The study region

The target area of the SRDS survey is the Sado river basin (southern Alentejo, Portugal), a large, sedimentary basin with an area of 7692 km2 and a mean altitude of 127 meters asl. The Sado flows for 180 kilometers in a northerly direction from its source in the Serra da Vigia (230 m asl) before changing its course and flowing west towards the Atlantic ocean. Southern Alentejo forms part of the Iberian Pyrite Belt, largely composed of late Devonian and Cambrian volcanic rocks (tuffs, rhyolites, etc) overlain by metamorphic and sedimentary deposits (including siliceous formations, jaspers, cherts, schists, grauvaques and conglomerates).

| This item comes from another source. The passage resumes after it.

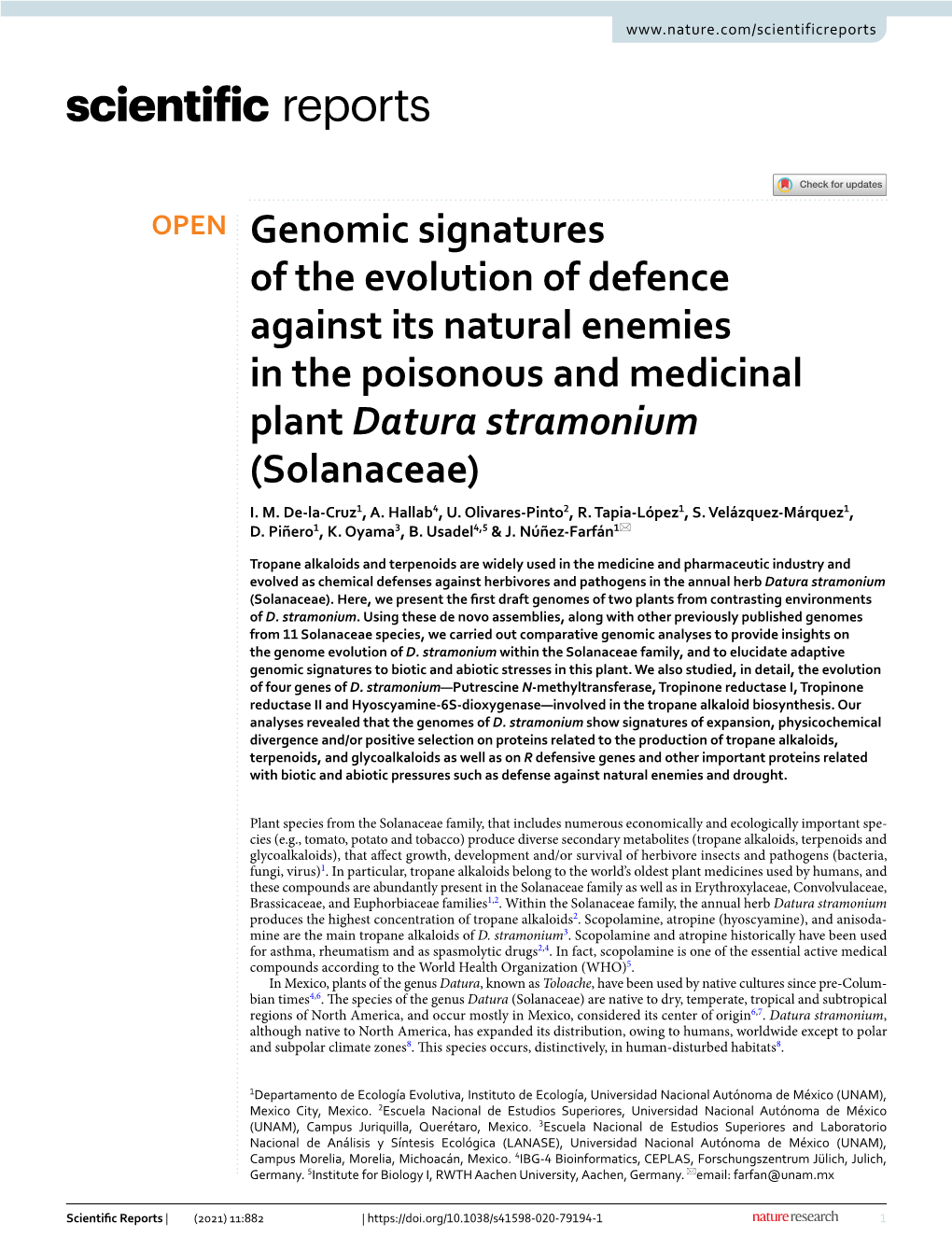 Genomic Signatures of the Evolution of Defence Against Its Natural Enemies in the Poisonous and Medicinal Plant Datura Stramonium (Solanaceae) I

These deposits form the economic basis of a once-thriving and still active mining industry (Barriga and Carvalho 1997; Martins, Alves, and Costa 2002-2003). The sediments filling the hydrological basin are mostly detritic and continental, overlying marine sediments of Miocene age. Plio-Pleistocene sediments deposited on the broad erosional surface that formed as the sea retreated (the planalto deposits) were in turn dissected and reworked by the river system that began forming during the Pleistocene. The region is caracterised by poorly developed soils (mainly derived from bedrock schists).

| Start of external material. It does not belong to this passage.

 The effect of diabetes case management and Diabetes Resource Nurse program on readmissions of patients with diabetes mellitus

The history and topography of the target region is heavily influenced by tectonic processes. Subsidence of the Sado basin and the formation of the Grândola horst at the beginning of the Quaternary (Pimentel & Azevedo 1991) resulted in distinctly different sedimentary histories in the northern and southern halves of the Sado drainage system. The northern part of the drainage, from Grândola to the estuary, forms part of the litoral platform; sediments in this sector are predominantly composed of fine sands, easily remobilised by aeolian processes. Fluvial terraces in the northern sector are difficult to identify or age (Pimentel 1989). The southern part of the drainage, from Grândola to the Serra da Vigia, is essentially an extended erosion surface upon which a braided fluvial system formed during the Plio-Pleistocene, depositing a succession of sandy, detritic sediments cloaked with coarse rañas (Pimentel 1989, Pimentel and Azevedo 1991). South of Grândola, the Sado river is weakly incised forming two, heavily dissected terraces (Pimentel 1989, Pimentel and Azevedo 1991).

Raw material sources

Primary sources of raw material suitable for knapping are rare in the survey region. There are no known sources of flint, although chert is occasionally encountered in very small quantities. Jasper occurs in outcrops on the margins of the Sado basin, especially in the south of the survey region. Other potential raw materials including quartz, quartzite, grauwacke and jasper cobbles, occur in secondary contexts throughout the drainage system.